Jumat, 25 Januari 2019

Hallo, Mahameru


Oleh : Putri Jennia Fasa, @putrijennia (Instagram)

Keinginan untuk mendaki Semeru sudah ada sejak tahun 2010. Tapi, Allah baru menjodohkan dan mengabulkan keinginanku, akhir 2018 kemarin. Tepatnya, 24 Desember 2018 aku berhasil menapakkan kaki di Mahameru, puncak tertinggi Pulau Jawa itu.
Setelah melewati beberapa kegagalan. Seharusnya, mimpi itu diwujudkan bersama sahabat-sahabatku dulu yang memiliki mimpi sama. Tapi ternyata kami tidak berjodoh bersama. Baru Nuansa, aku dan Dwi yang berkesempatan sampai ke Semeru.

Kemana saja selama 8 tahun penantian? Ada. Kami menjalani kehidupan normal yang seharusnya. Menata masa depan, sambil tetap menjaga mimpi kami untuk mendaki Semeru. Aku percaya, bahwa suatu saat aku bisa mewujudkan mimpi itu.

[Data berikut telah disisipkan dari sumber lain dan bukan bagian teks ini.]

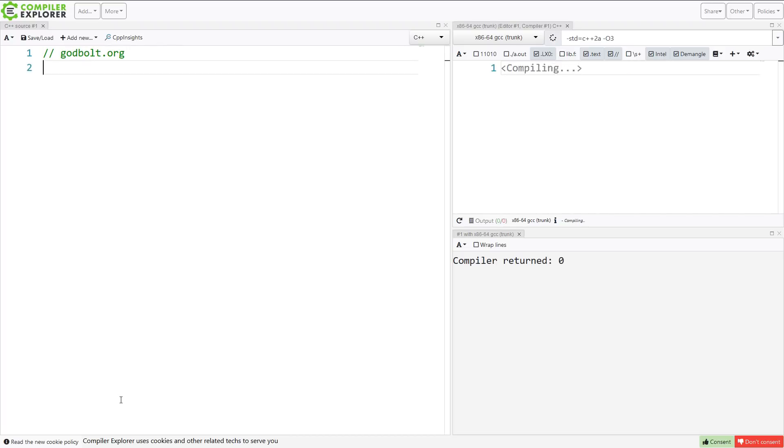Now, I have virtually nothing whatsoever to do with Compiler Explorer. I've given Matt, Matt Godbolt, the original creator of Compiler Explorer, some feedback. We've collaborated on a few things, but for the most part, I really have nothing to do with the project at all.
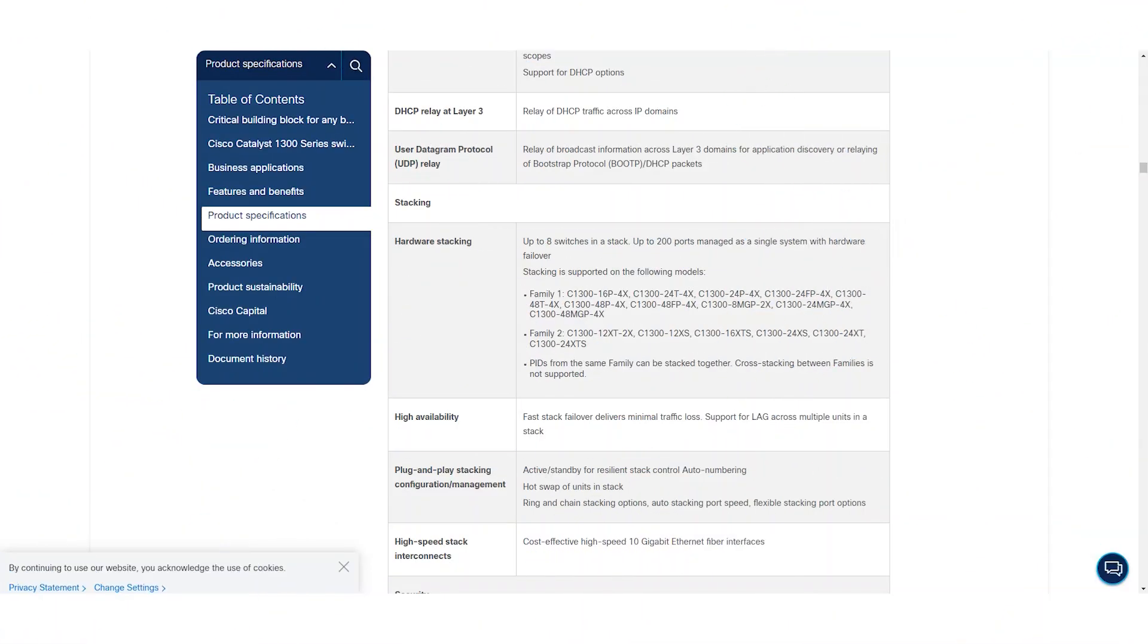Catalyst 1300 switches allow you to stack up to eight devices. Before starting, it's important to note that each switch must have the same firmware version and must belong to the same family type, as indicated on the screen.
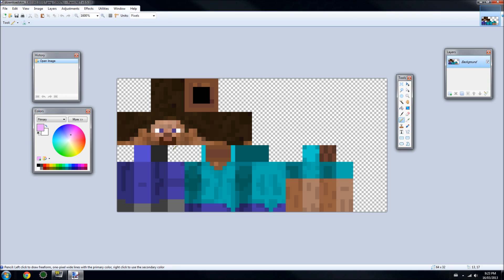I want to change Steve's eyes to a darker red, so I'm going to click the darker red and add this to Steve's skin.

Walaupun dalam perjalanannya, semangat mewujudkan mimpi ini mengalami pasang surut. Ketika semangat menurun, aku kembali mengingat perjuangan tahun 2010 ketika semangat menggebu untuk pergi ke Semeru. Aku kebut skripsiku, demi bisa pergi ke Semeru. Semeru, adalah penyemangat utamaku saat itu. Masih ingat rasanya, tengah malam aku mengerjakan bab 4 skripsi, ditemani hanya satu lagu yang puluhan kali berputar. Mahameru – Dewa 19.

Sekeras apapun kamu berusaha, serapi apapun kamu berencana, jika Allah belum memgijinkan, maka itu semua tidak akan terjadi. Padahal, izin orang tua sudah kudapat saat itu. Itinerary perjalanan, sudah tersusun saat itu bersama sahabat-sahabatku. Aku dan Dwi, terlambat sidang skripsi satu minggu. Itu berimbas pada jadwal pendakian Gunung Semeru. Gunung Semeru keburu tutup. Ah ... jangan tanyakan lagi perasaan kami saat itu. Tidak karuan rasanya.

“ketika mimpimu, yang begitu indah, tak pernah terwujud ... ya sudahlah”

Lagunya Bondan Prakoso yang saat itu memang sedang hits, menggeser playlist lagu mahameruku.

Mahameru ga akan kemana ....

Hanya itu kalimat penghibur kami dulu.

***



12 januari 2013 aku dan Nuansa, menikah. Nuansa adalah salah satu sahabatku yang memiliki keinginan sama untuk mendaki Gunung Semeru, juga pasukan gagal tahun 2010 lalu. Dia teman satu kelas kuliahku dulu. Entah mengapa aku bisa berjodoh dengan dia, sebelumnya tidak terpikirkan sama sekali. Kita baru suka-sukaan justru setelah lulus kuliah hehe.
Saat itu impian ke Semeru belum bisa diwujudkan juga. Entah waktunya belum ada, atau rejekinya yang belum menghampiri. Untuk mengobati kerinduan, Juni 2013 aku dan Nuansa mendaki Gunung Ceremai, yang relatif dekat dengan rumah kami, di Cirebon.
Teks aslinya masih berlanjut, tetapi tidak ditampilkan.